The other passage is from five years before the 1929 Hebron Massacre, and a year and a half before a letter to the editor from one Adolf Hitler, complaining that The Nation had understated the severity of his incarceration: it was not “six months in a palace prison,” but thirteen months, and “All privileges theretofore granted the prisoner were either abridged or wiped out”—though as vanden Heuvel points out, in prison he was still able to write “a good deal of Mein Kampf.”
Here is Chaim Weizmann, “Zionism—Alive and Triumphant,” March 12, 1924:
But the idea that England should “give” Palestine to the Jews is particularly crude and Utopian when it is linked up with the suggestion of expropriation or removal of the Arabs. Fortunately no such suggestion has ever come from a responsible Zionist leader. For apart from its inherent impracticality and immorality, the idea again betrays a complete dissociation from the realities of the situation. England would not commit such an act even if the Jewish people were to demand it. And the Jewish people would not demand it because it realizes that, in laying the foundations of its old-new home, it must not tolerate even a suspicion of faith in those vicious imperialist principles which have been the source of half its woes.
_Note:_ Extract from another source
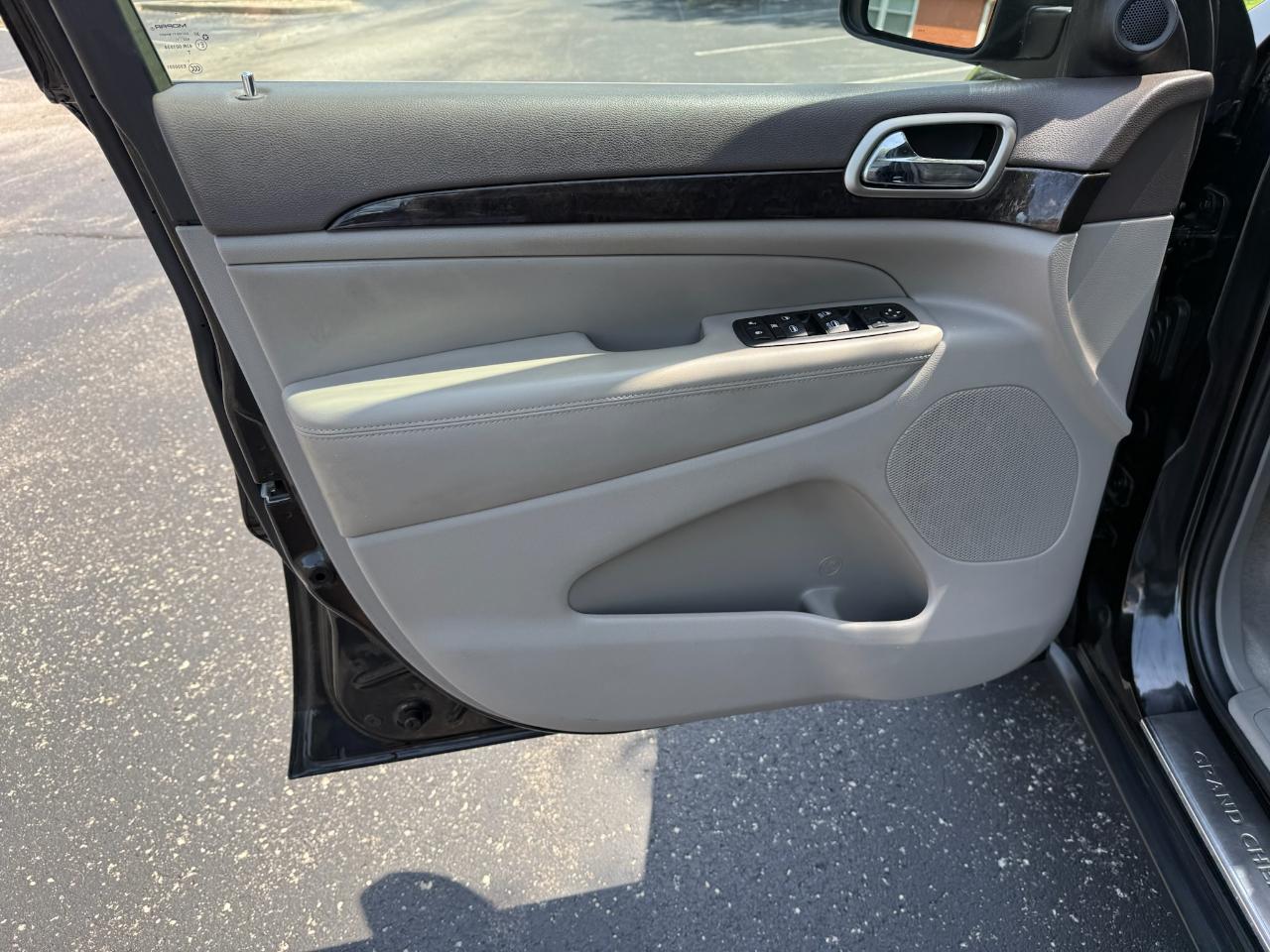 Jeep Grand Cherokee Laredo 4WD 2012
If there is any significance at all in the rebuilding of a Jewish homeland, it must be made evident first in the attitude of the Jewish people toward the nations in the midst of which that homeland is being built. Friendliness with the Arabs is not simply a matter of convenience of expedience; it is a cardinal doctrine; it is an essential part of the Jewish outlook, an aspect of the spiritual dream which the Jewish homeland is to embody. If we reject the vicious shifts and tricks of what is inaccurately called Realpolitik it is not only because of its essential stupidity and ineffectiveness, but because our entire history has been a living protest against it. To solve one problem by the creation of two others is a method which is not unapproved in the world of practical men. Perhaps it pays in the case of fly-by-night nations, though even most of these live long enough to witness the undoing of their practical wisdom. In the case of the Jews, who are, as it were, a permanent institution, there is a reputation to be cherished and maintained. Nor is Jewish-Arab cooperation a new concept. The ideal already has an illustrious history. It is not so long ago—as history, and particularly Jewish history, goes—that Jews and Arabs worked hand in hand from Granada to Bagdad in founding and spreading one of the most brilliant civilizations: when the rest of Europe was still steeped in the dark slumber of the Middle Ages, Spain, Mesopotamia, and Northern Africa were brightly illumined by a great Arab Jewish culture. that culture has never disappeared; it survived, transmuted and disguised, in the Renaissance to which it contributed generously; its unacknowledged issue today forms part of our Western civilization.